- Born: December 1, 1904
- Died: August 21, 1965 (aged 60)

= Jean Paul King =

American actor

Jean Paul King (December 1, 1904 – 1965) was an American announcer and actor.

==Early years==
Born in North Bend, Nebraska, on December 1, 1904, King was the son of Mr. and Mrs. E. B. King. After growing up in Tacoma, Washington, he attended Miami University in Oxford, Ohio, for two years before transferring to the University of Washington, from which he graduated in 1926. At UW, he was active in the University Players, glee club, and sports. He was a member of the United States Navy Air Corps during World War II.

==Career==
King began acting with a stock theater company while he was a college student and went on to other theatrical productions until he became active in radio. Troupes with which he worked included the Henry Duffy players in Oakland.

=== Radio ===
King was promoted from announcer on a radio drama in San Francisco to be the head announcer for NBC's West Coast network. From that position he went to work at KGW in Portland, KHQ in Spokane, and WLW in Cincinnati. He next became an NBC announcer in Chicago in August 1930.

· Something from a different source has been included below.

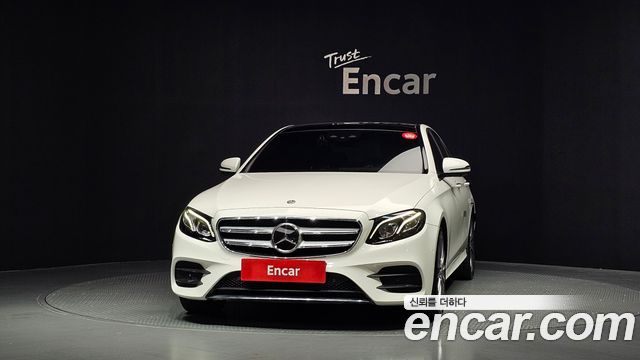 Mercedes-Benz E-Class W213 E350 4MATIC AMG Line - фото 2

On network radio, King was the leading man on Romance, Inc. and was the master of ceremonies for Saturday Night Party. Programs for which he was the announcer included Ziegfeld Follies of the Air, The Lanny Ross Show, Palmolive Beauty Box Theater, Myrt and Marge, Clara, Lu, and Em, The Shadow, Gang Busters, John's Other Wife, The Lamplighter, and The Voice of Experience.

King was named program director of radio station KDYL in Salt Lake City, Utah, on February 11, 1950. He also had a daily 30-minute program on that station.

===Other professional activities===
King was the narrator of Metro-Goldwyn-Mayer newsreels for two years. He also narrated the Vitaphone films Mechanix Illustrated (no. 2) (1938) and Northern Lights (1936) and some Warner Bros. travelogues, beginning with Sweden (1936). He appeared on television in the episodes "Up Jumped the Devil" on The Dick Powell Show, "Who Killed April?" on Burke's Law (1964).

King was director of public relations for the Buckley-King company in Tacoma, and he was a writer who contributed articles to Radio Digest and other magazines.

== Personal life ==
On November 22, 1928, King married radio writer Mary Cogswell and they had a son.